Why do i get: Warning: printf() Too few arguments in php

Question

I get the error

Warning: printf() [function.printf]: Too few arguments 

Looking at the code I see:

function twentyten_posted_on() {
    printf( 
        sprintf( '<a href="%1$s" title="%2$s" rel="bookmark"><span class="entry-date">%3$s</span></a>',
            get_permalink(),
            esc_attr( get_the_time() ),
            get_the_date()
        )
    );
}

What seems to be the problem?

Answer 1

The printf() and sprintf() functions are identical; the only difference in their behaviour is that one is a statement (it does something) and the other is a function expression (it evaluates to something). (See this StackOverflow answer for a description of the difference.) They both take a format as the first argument, then zero or more additional arguments as replacement strings for special characters within the format string.
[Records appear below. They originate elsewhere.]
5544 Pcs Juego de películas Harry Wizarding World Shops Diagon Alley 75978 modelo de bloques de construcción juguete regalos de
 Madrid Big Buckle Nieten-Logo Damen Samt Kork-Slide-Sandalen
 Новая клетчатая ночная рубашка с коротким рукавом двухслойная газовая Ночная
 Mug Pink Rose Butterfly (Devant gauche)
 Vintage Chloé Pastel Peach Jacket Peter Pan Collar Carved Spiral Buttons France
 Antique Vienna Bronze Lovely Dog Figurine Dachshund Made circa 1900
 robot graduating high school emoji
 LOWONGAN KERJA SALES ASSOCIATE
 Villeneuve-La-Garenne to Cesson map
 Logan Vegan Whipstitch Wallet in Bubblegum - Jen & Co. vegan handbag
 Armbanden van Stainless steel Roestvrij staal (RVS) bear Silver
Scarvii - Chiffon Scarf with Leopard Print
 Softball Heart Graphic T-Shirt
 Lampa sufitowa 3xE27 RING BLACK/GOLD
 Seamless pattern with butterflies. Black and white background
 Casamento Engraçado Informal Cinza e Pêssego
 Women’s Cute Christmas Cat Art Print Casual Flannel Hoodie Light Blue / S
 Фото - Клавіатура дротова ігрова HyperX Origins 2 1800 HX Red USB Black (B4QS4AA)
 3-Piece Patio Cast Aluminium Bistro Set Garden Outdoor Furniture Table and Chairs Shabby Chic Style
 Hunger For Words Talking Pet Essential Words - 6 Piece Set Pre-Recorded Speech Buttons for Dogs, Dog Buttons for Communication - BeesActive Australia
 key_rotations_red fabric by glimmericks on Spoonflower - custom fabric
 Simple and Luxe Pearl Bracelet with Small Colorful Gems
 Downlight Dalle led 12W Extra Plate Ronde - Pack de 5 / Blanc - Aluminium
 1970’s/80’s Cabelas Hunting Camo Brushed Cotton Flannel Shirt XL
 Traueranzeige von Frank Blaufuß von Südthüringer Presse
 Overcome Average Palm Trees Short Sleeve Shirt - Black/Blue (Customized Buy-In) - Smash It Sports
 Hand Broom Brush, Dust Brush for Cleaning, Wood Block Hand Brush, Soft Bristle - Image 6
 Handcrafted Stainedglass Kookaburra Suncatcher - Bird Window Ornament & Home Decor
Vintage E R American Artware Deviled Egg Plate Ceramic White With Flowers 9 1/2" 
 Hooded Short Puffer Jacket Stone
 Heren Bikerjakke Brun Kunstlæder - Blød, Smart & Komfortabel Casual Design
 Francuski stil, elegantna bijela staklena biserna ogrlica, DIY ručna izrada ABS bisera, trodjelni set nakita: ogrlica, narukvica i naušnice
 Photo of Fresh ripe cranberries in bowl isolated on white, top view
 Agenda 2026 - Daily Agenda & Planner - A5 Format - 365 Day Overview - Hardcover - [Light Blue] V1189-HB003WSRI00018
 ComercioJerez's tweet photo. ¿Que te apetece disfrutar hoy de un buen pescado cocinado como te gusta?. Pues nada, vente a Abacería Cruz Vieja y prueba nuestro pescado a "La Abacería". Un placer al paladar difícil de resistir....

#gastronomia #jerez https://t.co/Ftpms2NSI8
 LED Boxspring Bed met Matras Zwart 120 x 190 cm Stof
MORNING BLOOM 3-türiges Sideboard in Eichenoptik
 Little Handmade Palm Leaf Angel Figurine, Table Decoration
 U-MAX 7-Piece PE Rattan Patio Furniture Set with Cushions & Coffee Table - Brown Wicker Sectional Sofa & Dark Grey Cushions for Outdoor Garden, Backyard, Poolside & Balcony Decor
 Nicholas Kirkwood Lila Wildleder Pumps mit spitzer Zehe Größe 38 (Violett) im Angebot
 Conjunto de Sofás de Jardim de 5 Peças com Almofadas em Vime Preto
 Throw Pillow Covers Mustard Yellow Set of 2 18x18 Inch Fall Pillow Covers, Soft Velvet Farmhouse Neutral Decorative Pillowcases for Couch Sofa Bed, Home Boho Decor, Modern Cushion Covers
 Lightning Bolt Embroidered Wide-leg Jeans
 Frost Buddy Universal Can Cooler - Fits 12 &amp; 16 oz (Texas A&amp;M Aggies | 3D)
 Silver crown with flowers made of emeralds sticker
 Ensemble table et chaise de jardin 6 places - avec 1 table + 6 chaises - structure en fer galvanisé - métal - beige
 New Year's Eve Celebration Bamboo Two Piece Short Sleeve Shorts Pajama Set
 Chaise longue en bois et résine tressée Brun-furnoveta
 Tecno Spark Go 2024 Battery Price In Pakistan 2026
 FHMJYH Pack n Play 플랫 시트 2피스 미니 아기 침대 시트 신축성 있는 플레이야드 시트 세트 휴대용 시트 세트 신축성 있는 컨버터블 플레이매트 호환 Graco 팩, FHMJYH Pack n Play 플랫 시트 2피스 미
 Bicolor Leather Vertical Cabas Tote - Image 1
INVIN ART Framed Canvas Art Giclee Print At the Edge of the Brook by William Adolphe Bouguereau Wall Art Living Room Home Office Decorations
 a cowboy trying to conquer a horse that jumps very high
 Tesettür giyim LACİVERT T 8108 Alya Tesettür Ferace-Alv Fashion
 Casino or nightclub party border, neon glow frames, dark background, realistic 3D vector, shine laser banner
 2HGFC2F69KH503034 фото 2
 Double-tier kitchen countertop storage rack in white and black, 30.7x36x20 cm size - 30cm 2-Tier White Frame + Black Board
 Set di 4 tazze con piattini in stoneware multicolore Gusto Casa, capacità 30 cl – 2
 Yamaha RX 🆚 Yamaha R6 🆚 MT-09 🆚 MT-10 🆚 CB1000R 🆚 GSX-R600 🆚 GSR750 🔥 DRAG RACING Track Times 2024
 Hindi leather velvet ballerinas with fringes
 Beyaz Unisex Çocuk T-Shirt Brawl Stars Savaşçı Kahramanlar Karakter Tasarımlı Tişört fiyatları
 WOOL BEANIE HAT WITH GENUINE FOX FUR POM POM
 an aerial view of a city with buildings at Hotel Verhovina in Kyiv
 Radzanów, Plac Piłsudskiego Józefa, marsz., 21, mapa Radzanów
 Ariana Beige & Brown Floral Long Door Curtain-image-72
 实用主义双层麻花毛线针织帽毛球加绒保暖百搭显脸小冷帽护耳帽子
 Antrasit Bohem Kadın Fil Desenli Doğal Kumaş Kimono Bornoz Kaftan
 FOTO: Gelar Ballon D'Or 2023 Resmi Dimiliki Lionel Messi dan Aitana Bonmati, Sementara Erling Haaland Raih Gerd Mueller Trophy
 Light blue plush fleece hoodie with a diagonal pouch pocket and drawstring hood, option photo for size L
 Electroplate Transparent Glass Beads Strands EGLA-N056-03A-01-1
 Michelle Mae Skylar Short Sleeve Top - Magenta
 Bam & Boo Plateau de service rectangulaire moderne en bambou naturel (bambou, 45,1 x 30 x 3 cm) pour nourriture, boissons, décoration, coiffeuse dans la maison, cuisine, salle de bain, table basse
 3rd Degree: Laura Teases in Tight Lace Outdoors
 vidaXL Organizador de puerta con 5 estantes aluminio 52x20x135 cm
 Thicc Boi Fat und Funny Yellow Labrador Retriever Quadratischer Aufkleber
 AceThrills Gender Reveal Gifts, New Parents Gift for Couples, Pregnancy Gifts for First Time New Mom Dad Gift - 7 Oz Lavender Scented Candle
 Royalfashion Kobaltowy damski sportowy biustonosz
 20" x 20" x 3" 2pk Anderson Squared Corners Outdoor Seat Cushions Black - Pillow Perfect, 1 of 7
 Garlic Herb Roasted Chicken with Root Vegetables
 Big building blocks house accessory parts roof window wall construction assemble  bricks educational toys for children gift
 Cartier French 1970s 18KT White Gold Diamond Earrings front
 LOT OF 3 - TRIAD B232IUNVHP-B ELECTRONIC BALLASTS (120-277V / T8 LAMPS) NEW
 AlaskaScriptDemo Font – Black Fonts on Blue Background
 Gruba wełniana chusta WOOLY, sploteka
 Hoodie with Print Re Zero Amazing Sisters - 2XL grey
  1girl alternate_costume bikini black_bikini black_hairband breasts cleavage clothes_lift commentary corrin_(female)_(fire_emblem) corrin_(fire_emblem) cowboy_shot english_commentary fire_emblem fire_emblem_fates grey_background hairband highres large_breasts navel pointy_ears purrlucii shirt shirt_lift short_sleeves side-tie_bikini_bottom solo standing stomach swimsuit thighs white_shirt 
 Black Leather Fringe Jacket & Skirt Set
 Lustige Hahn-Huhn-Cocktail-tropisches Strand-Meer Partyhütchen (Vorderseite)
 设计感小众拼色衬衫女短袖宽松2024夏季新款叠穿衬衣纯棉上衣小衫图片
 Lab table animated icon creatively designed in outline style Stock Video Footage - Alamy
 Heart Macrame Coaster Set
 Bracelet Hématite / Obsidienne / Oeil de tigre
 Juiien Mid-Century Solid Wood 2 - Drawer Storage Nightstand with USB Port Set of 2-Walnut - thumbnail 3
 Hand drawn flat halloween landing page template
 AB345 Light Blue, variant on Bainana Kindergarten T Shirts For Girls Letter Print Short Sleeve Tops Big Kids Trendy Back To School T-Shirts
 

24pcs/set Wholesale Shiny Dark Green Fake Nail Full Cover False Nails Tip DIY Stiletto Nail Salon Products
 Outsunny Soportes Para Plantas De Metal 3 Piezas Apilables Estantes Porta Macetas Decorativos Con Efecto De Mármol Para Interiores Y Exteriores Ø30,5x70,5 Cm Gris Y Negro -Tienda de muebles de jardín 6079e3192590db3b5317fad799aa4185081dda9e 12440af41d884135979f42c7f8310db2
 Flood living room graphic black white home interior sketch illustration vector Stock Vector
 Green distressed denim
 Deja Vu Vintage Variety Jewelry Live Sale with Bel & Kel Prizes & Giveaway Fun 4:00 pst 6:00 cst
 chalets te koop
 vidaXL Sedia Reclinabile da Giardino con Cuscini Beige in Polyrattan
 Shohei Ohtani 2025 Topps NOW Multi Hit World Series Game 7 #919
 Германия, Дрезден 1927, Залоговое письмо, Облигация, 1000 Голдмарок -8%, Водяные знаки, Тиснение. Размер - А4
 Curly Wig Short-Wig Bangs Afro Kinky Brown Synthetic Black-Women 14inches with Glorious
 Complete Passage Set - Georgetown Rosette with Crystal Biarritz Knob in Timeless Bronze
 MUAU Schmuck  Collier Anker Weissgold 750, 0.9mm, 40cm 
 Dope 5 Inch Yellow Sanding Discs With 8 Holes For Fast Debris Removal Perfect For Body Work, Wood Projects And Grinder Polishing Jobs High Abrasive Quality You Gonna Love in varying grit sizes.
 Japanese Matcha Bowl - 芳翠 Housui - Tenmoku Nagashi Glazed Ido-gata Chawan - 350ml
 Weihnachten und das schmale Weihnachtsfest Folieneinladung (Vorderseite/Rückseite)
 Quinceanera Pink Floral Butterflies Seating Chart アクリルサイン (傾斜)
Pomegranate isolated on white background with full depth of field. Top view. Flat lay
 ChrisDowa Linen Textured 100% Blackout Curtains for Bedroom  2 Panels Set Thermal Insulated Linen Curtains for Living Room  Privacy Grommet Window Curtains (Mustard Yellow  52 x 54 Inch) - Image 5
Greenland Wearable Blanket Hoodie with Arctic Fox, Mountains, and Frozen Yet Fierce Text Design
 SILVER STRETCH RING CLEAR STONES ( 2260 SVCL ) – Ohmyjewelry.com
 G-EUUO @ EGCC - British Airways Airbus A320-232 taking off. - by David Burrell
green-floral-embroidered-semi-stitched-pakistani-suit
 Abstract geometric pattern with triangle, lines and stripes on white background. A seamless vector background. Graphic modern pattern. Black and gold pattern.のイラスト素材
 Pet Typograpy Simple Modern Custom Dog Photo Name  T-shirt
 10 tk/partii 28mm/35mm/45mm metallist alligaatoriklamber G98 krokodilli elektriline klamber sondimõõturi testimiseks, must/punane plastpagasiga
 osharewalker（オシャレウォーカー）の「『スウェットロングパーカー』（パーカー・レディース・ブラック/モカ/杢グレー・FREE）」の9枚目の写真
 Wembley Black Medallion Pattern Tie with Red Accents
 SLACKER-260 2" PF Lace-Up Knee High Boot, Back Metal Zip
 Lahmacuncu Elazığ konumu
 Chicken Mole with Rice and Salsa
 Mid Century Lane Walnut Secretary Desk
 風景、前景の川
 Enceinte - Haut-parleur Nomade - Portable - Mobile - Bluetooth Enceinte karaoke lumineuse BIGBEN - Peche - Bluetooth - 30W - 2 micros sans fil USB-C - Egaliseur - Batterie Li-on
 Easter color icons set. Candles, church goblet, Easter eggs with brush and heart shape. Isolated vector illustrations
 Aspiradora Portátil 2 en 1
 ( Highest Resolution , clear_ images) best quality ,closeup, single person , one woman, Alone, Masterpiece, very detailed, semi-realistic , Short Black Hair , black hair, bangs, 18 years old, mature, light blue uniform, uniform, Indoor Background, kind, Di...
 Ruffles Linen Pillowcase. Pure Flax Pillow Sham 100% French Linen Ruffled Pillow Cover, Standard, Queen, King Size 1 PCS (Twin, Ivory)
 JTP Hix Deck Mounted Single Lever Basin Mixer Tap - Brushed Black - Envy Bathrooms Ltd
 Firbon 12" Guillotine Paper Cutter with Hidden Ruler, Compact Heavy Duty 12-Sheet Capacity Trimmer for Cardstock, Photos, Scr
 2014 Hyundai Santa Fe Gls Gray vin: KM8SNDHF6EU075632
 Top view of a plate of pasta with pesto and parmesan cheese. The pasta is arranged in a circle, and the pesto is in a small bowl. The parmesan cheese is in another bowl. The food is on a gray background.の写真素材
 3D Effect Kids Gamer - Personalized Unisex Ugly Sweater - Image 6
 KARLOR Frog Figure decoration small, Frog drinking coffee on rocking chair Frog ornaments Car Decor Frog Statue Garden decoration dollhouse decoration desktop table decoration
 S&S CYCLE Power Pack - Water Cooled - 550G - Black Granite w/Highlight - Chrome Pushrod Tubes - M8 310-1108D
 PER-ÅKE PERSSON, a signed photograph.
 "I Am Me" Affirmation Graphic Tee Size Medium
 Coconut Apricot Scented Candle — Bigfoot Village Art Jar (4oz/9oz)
Your sprintf() function is well formed. You've numbered your format strings, you have replacement strings as arguments to match the format strings. All is good.

But consider what the printf() function is doing. It gets a string, which happens to be the output of sprintf(). If sprintf()'s contains a % character, then printf() would need a replacement string which is not included in your code.

As others have said, you can probably leave out the sprintf() from your code. But you should also understand WHY this is happening.

For example:

$fmt = "%%d\n";
printf( $fmt );
printf( sprintf($fmt) );
printf( sprintf($fmt), "Hello world" );

The first printf works, and prints a "%d". The second printf fails because its format string implies that it should have a replacement string, but none is provided. The third one prints a zero, because when you try to evaluate "Hello world" as a decimal integer (%d), that's what you get.

Look at your variables, and you'll probably find that at least one of them has a % character in it.